The dimmer signal is sent to the light source device 1, and the
illumination light diaphragm 13 is controlled to adjust the amount
of light emitted from the light source device 1.
[0064] The exposure time control circuit 30 sends an electronic
shutter control signal that controls an electronic shutter of the
fluorescence observation CCD 17 based on the size of the signal
from the color balance correction circuit 22b for maintaining
constant brightness of the obtained image.

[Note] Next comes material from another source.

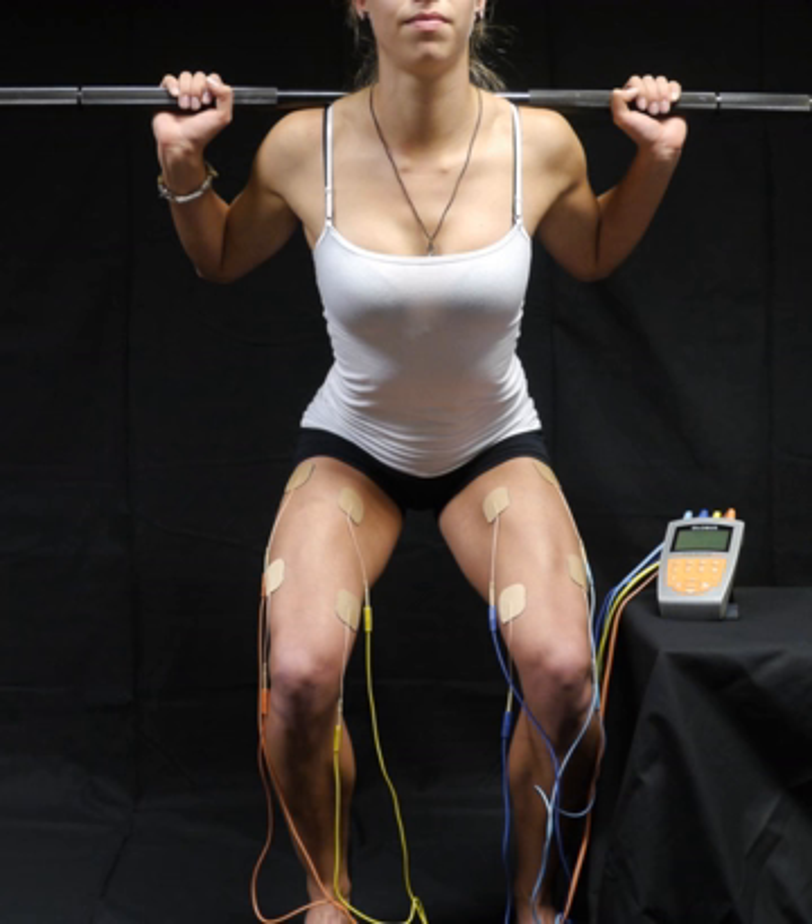Electrical muscle stimulation can be used as a training, therapeutic, or cosmetic tool.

[0065] The images from the normal observation CCD 15 synchronized
by the synchronization memory B24a, the synchronization memory
G24b, and the synchronization memory R24c are subjected to
predetermined image processing by the image processing circuit 25,
further subjected to predetermined color tone adjustment processing
by the color tone adjustment circuit 26, converted to analog
signals by the D/A conversion circuits 27a to 27c, and displayed on
the monitor 4. A digital image signal encoded by the encoding
circuit 28 is sent to the digital filing device 5 and the
photographing device 6, and an image is recorded in each device
according to an image recording instruction signal from the CPU
31.
[0066] On the other hand, for the images from the fluorescence
observation CCD 17 synchronized by the synchronization memory F24d,
the synchronization memory G24e, and the synchronization memory
R24f, the abnormality determination circuit 51 determines an
abnormal area as an area to be examined that is suspected of having
abnormal tissue per pixel
[0067] Specifically, the abnormality determination circuit 51
compares the synchronization memory F24d and the synchronization
memory R24f per pixel, and determines that a compared pixel is a
first abnormal pixel when the value of F/R'' that is the ratio of a
pixel value F of the synchronization memory F24d and a pixel value
R'' of the synchronization memory R24f is smaller than a first
predetermined value.
[0068] In addition to the determination, the abnormality
determination circuit 51 can determine that a compared pixel is a
second abnormal pixel when the value of F/G that is the ratio of
the pixel value F of the synchronization memory F24d and a pixel
value G of the synchronization memory G24e is smaller than a second
predetermined value (determine that the compared pixel is the
second abnormal pixel when F/R''<the first predetermined value
and F/G<the second predetermined value), thereby increasing
determination accuracy.
[0069] The abnormality determination circuit 51 outputs an
abnormality determination signal when determining that the pixel
compared with the first predetermined value and the first
predetermined value is the first or second abnormal pixel, captures
images of the synchronization memory F24d, the synchronization
memory G24e, the synchronization memory R24f, the synchronization
memory B24a, the synchronization memory G24b, and the
synchronization memory R24c at the time in the temporary memory 53.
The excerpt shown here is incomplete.